Would you copy only the lines below, from the one containing "CCA Genuine Licensed" through the very last one, leaving the pictures out?

==== DATA BELOW

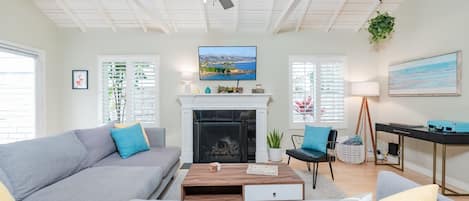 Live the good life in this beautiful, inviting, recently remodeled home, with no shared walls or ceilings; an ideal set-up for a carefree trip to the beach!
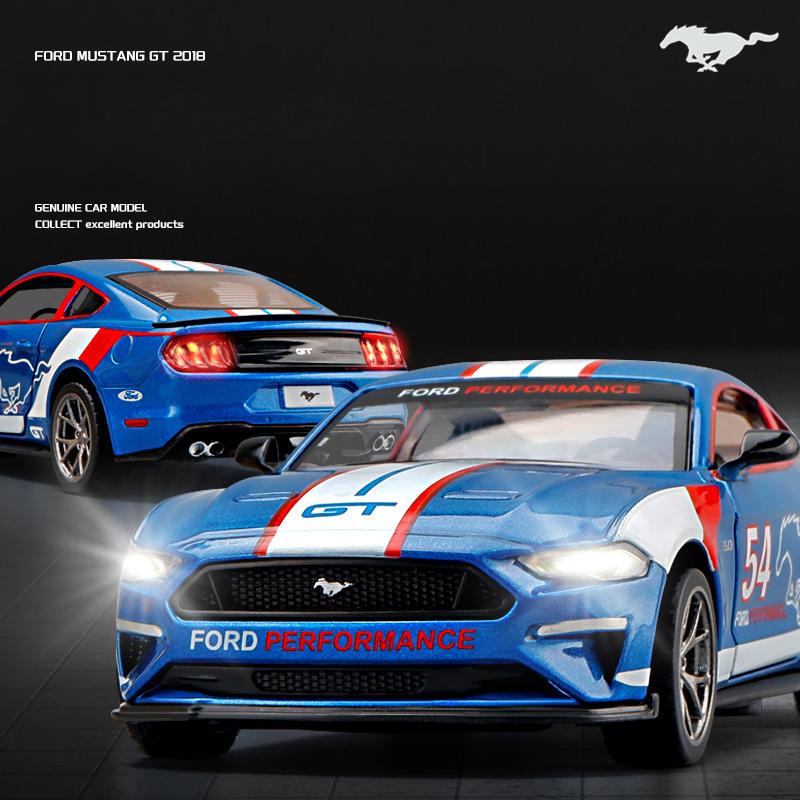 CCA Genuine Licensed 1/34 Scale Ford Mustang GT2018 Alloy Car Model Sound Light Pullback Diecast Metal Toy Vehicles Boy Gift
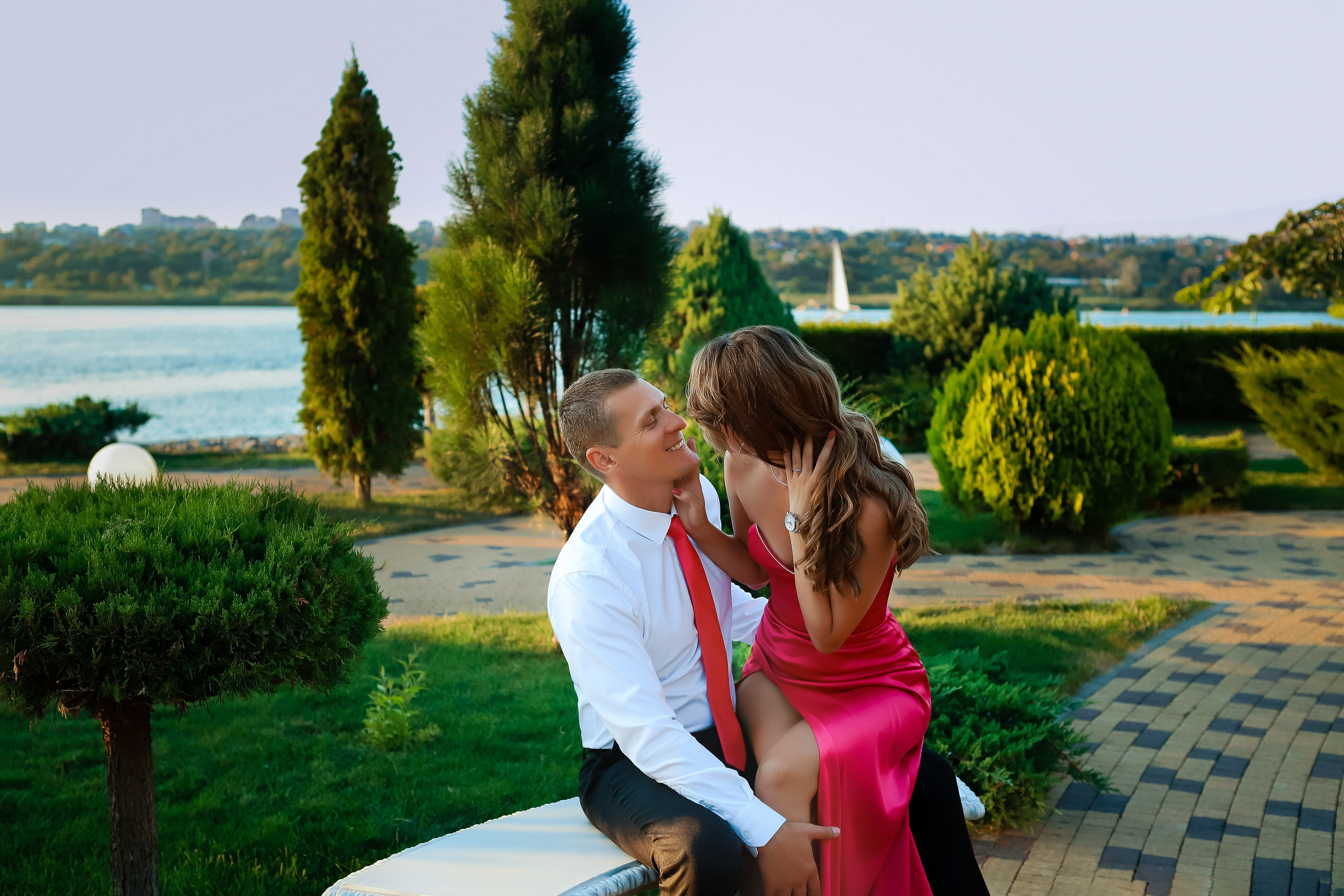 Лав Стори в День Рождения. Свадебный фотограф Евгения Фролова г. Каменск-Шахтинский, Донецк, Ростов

========

WRITTEN SOLUTION
 CCA Genuine Licensed 1/34 Scale Ford Mustang GT2018 Alloy Car Model Sound Light Pullback Diecast Metal Toy Vehicles Boy Gift
 Лав Стори в День Рождения. Свадебный фотограф Евгения Фролова г. Каменск-Шахтинский, Донецк, Ростов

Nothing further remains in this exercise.